Increases in gas limit might also prompt weaker nodes to leave the network, potentially making it less decentralized. “That’s why the limit is raised so conservatively, and even then, usually it’s done after achieving some optimization results in client implementations,” Bukov said at the time.
Community is spilt over the vote
The recent initiative has been met with strong opposition from some community members. Core Ethereum developer Péter Szilágyi summarized Bitfly’s tweet in the following way:
“TL;DR: Ethereum miners don’t give a f— about the long term health of the network nor about DoS attacks.”
Ethereum co-founder Vitalik Buterin has also joined the discussion. According to him, about six weeks ago a Sparkpool ETH mining pool representative asked him if he supported the gas limit increase. He said that he didn’t, citing Szilágyi’s views on the matter. Buterin’s position has seemingly shifted since, as he wrote:
“That said, the last 6 weeks of high txfees have put genuine pressure on people so I don’t blame them for this decision.”
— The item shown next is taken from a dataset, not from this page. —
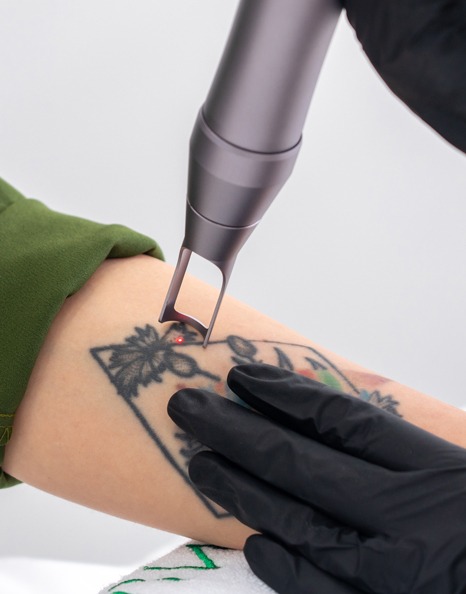 1 SESSION TATTOO -S WITH SPECTRA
Independent blockchain scalability researcher, Georgios Konstantopoulos, wrote that he’s against further block size increases and “you should be too”, adding:
“You are NOT scaling the system by increasing the block size.”
Bukov of 1inch, on the other hand, appears to favor the miners’ initiative. He told Cointelegraph:
“You have to worry about the network’s convenience for the community instead of longer-term state growth acceleration. Otherwise, Ethereum’s competitiveness gets affected, and more projects start considering migration to forked chains or other networks.”